La conciliation, une aide à l'amiable
Dans cette justice sociale et de proximité, la conciliation - qui fait partie des Modes alternatifs de règlement des différends, dits MARDS - désigne l'arrangement amiable, et confidentiel, de prévention des difficultés des entreprises mais peut-être également utilisée dans le cadre de procédures collectives. Il s'agit d'un mode alternatif, rapide et gratuit de règlement des litiges, lorsqu’il est assuré au tribunal de commerce, dont la nature ne nécessite pas l'engagement d'une procédure judiciaire. Pourtant, « les tribunaux de commerce constatent que la conciliation n’est pas assez souvent sollicitée par les entreprises lorsqu’elles sont en difficulté », note Catherine Marchal Gralitzer, enseignante à l’École de droit de la Sorbonne et ancienne collaboratrice de Me Bourbouloux puis banquier d'affaires, spécialisée en montages de financement, venue elle aussi apporter son expertise.
Mais les causes de cette sous-utilisation ne sont pas toutes à rechercher chez les dirigeants d’entreprises mais aussi chez leurs conseils et dans les tribunaux, en particulier lorsque les entreprises sont entendues dans le cadre de la prévention des difficultés des entreprises. « Nous devons être conscients du rôle crucial du juge consulaire dans notre société.

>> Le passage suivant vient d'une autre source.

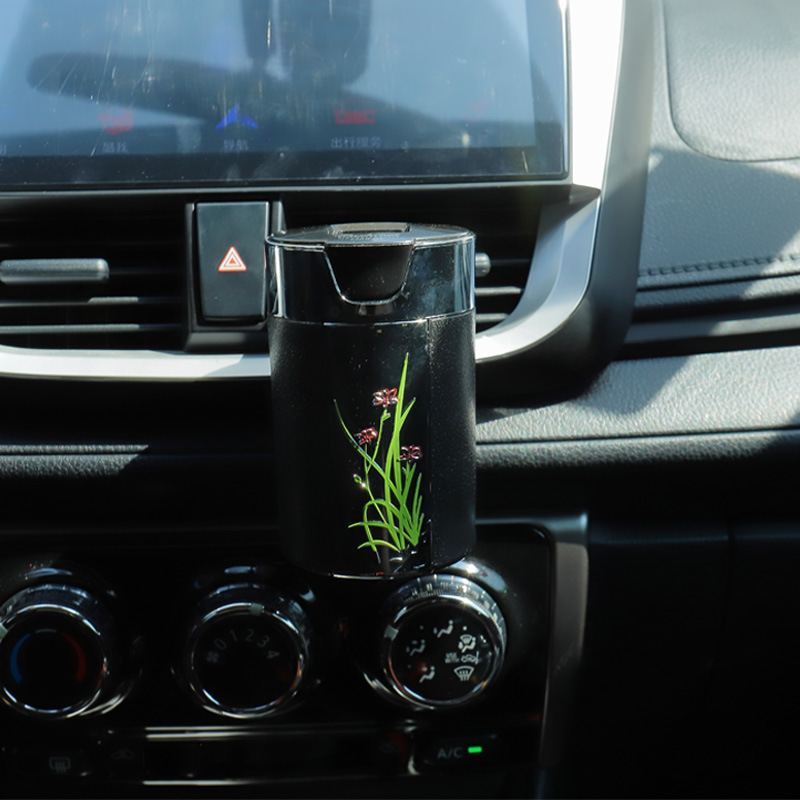 2022新款车载烟灰缸 创意汽车用品带LED灯水仙花图案太阳能烟灰缸详情图3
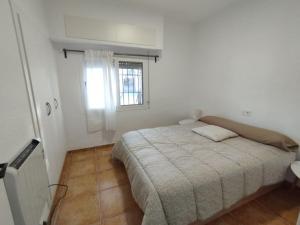 ein weißes Schlafzimmer mit einem Bett und einem Fenster in der Unterkunft Villa rural Valencia in Siete Aguas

Nous sommes les garants de la justice économique et sociale, nous assurons la protection des entreprises et des commerçants, mais également nos favorisons le développement économique de notre région, a exprimé Chantal Lenoir. Acteurs de la prévention des difficultés des entreprises, nous sommes souvent confrontés à des situations complexes, il nous faut faire preuve de sagesse, de bienveillance et de discernement, afin de rendre des décisions justes. »
Fort de ses échanges tournés autour de l'humain, ce congrès régional précède le Congrès national des juges consulaires de France, qui sera organisé en novembre, toujours à Compiègne.